I mean, I hope with all my heart there’s still a use for make-up in films. I think magic happens when you have a really good actor with really good make-up and he looks in the mirror and the face looking back at him isn’t his. When you’ve got dots on your face and you’re in a green screen stage, it’s just not the same thing. Like walking into Men In Black headquarters. When you see that set, you know where you are and it’s so cool.
Of all the actors you’ve done make-up on, who got into it the most?
Eddie Murphy, for sure. It’s a tough process, it’s fun maybe the first time and maybe the second time but he was made up like the Nutty Professor for something like 60 days, and you’re talking three and a half hours in the make-up chair in the morning, an hour at the end of the day to remove it. And then there’s some asshole like me always looking at the corner of his mouth or poking him or something.
But when I first worked with him on Coming to America, he played this old Jewish man. The make-up was something like 15 or 17 separate pieces of foam rubber, and when we got him all made up he couldn’t believe it, it was much more real than he expected it to be. He thought the old Jewish man he did was such a stereotype and he asked if could just improvise and play with it.
So I got a video camera and it was just him in the make-up chair looking in the mirror improvising a bunch of stuff. A lot of it was hysterical but a lot of it was really serious acting. It helped him find the essence of the guy.
There are a lot of digital effects in the Men In Black films. You’re not skeptical of it because you’re from a practical background?
I can see the advantage. I think a really good example is that thing in Harry Potter they do with Ralph Fiennes where they actually take off his nose. He has other make-up on but they add that digitally and I think the marriage of those techniques is great.
We might have an effect that somebody’s wearing where we have to put an eye mechanism in it just to execute a blink, for example. But we know from doing other Men In Black films that we kind of overbuild the aliens, we build something you could make a whole movie about and then it’s in a shot that’s over in half a second. So we might decide not to put an eye mechanism in it and if it needs to blink they can do it digitally. We work together that way.

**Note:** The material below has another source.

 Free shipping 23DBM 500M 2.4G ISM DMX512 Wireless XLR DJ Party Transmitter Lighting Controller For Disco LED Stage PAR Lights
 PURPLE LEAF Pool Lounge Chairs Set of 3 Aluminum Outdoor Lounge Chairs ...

Which of the movies that you’ve worked on would you go back and redo the effects if you could?
Pretty much every one of them. It’d be so nice to see the movie before you make all the stuff for it so you know what to concentrate on. It happens so many times that you think they’re going to focus on one thing and they focus on something in the background.
At this point in your career is it just professional or is it still about the love of it?
No, I do it because I love it. People ask if I’m really hands on and I am, because that’s what I do. I didn’t get into this because I wanted to have a business. I hate having a business, I hate having employees, I hate having to pay bills for this fucking building and having to think for other people.
A lot of your creatures and monsters are funny, sometimes even kind. Do you prefer those kinds of characters?
Oh yeah. I’m a big Frankenstein fan and when you see Boris Karloff’s performance as Frankenstein you really have sympathy for the monster, same with Charles Laughton’s Quasimodo. We’re sympathetic because they have a heart.
In fact Harry (from Harry and the Hendersons) is one of my most favourite things I’ve done. The director came to me and said he really wanted me to do it because I give my characters a soul. I think he was trying to butter me up but there’s some truth to that and it’s something I try to do. I don’t necessarily want to just do horrible things and killing machines.